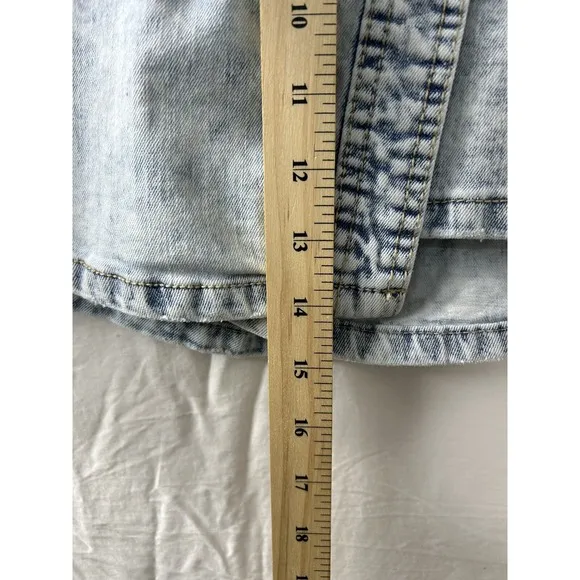 Skort Skirt Shorts Light Acid Wash Size 17 Denim Blue Jean No Boundaries NOBO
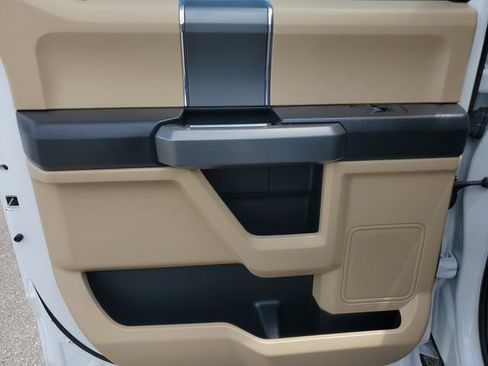 Used 2017 Ford F150 XLT w/ Equipment Group 302A Luxury AWD/4WD image 20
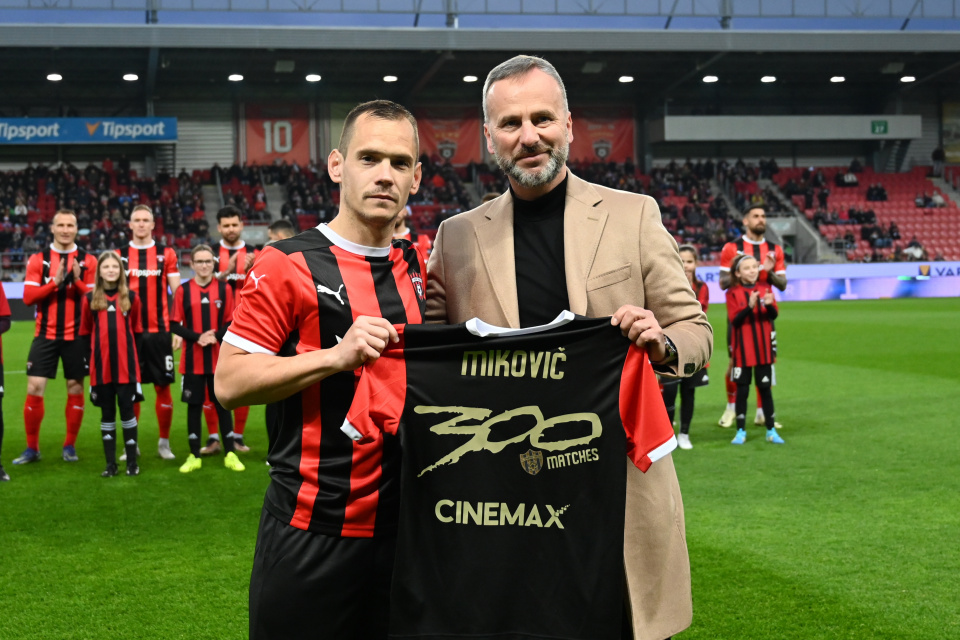 Mikovič dostal dres za odohraných 300 zápasov za Spartak | Zdroj: TASR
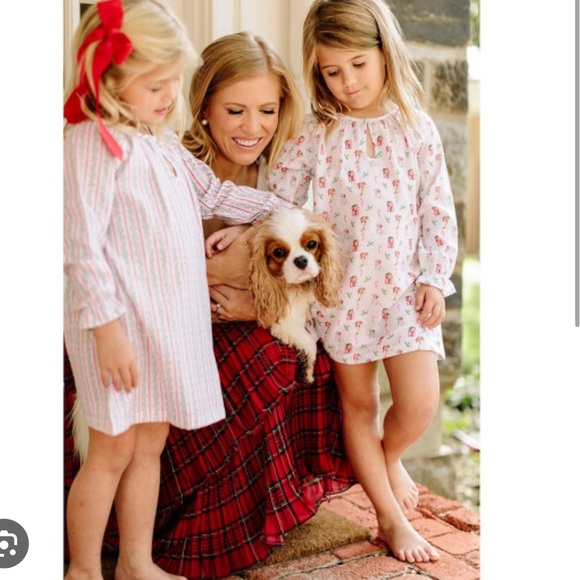 Edgehill Collection
Pearly Gates X Edgehill Collection Candy Cane Nightgown - Picture 2 of 11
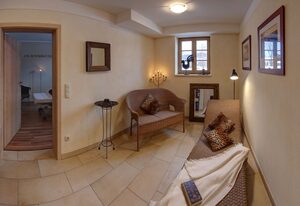 Feriendomizil Stöberl - Chiemgau Karte – Ferienwohnung HimmelReich für 2 Personen mit Balkon, Schlafzimmer, 45 qm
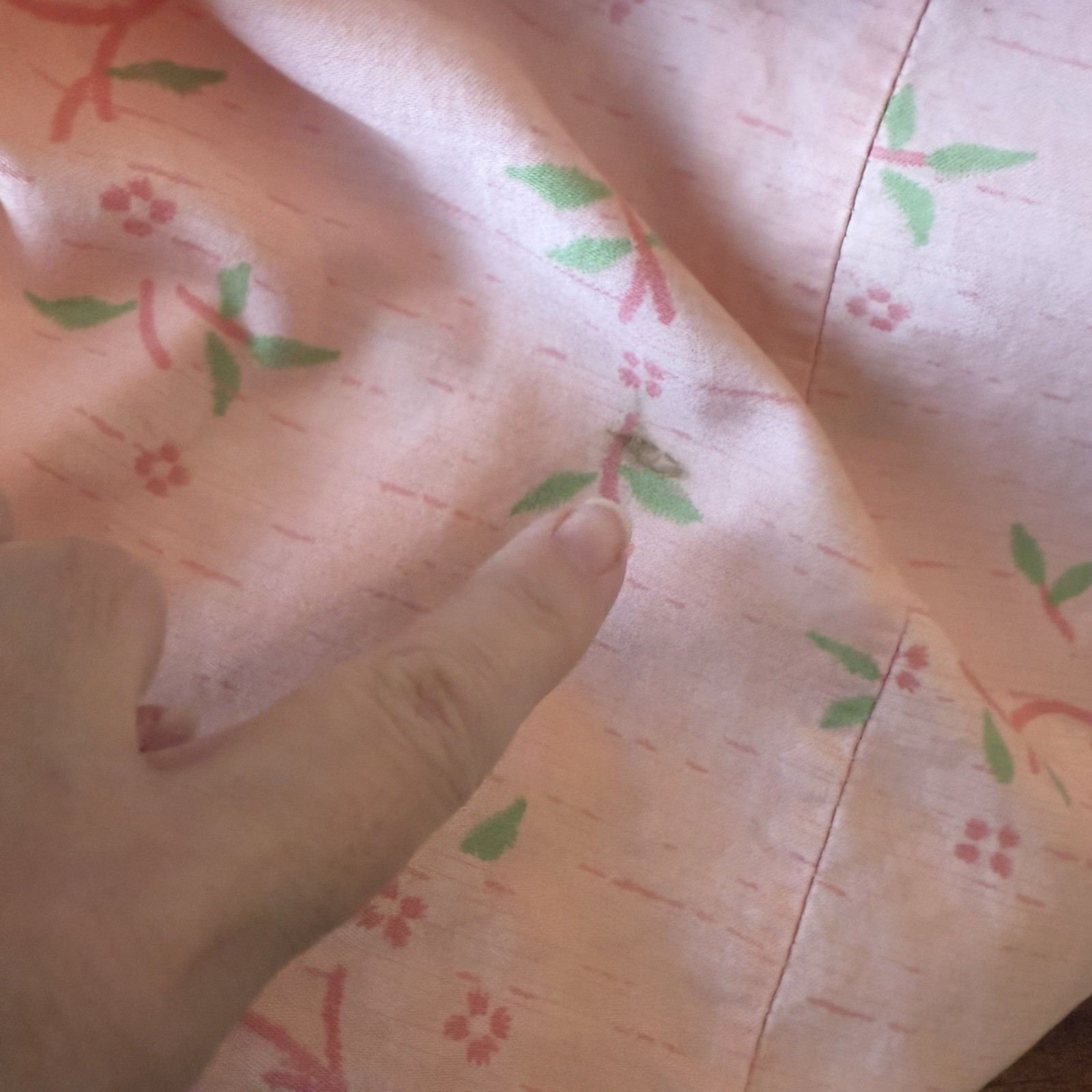 Authentic Vintage Evelyn Pearson Lounging Apparel Medium Peach Cherry Blossom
***
Directions:
Begin at the line containing "Feriendomizil Stöberl - Chiemgau" and stop at the last line of the data. Repeat only those lines, exactly, and leave out the pictures.

Task answer:
 Feriendomizil Stöberl - Chiemgau Karte – Ferienwohnung HimmelReich für 2 Personen mit Balkon, Schlafzimmer, 45 qm
 Authentic Vintage Evelyn Pearson Lounging Apparel Medium Peach Cherry Blossom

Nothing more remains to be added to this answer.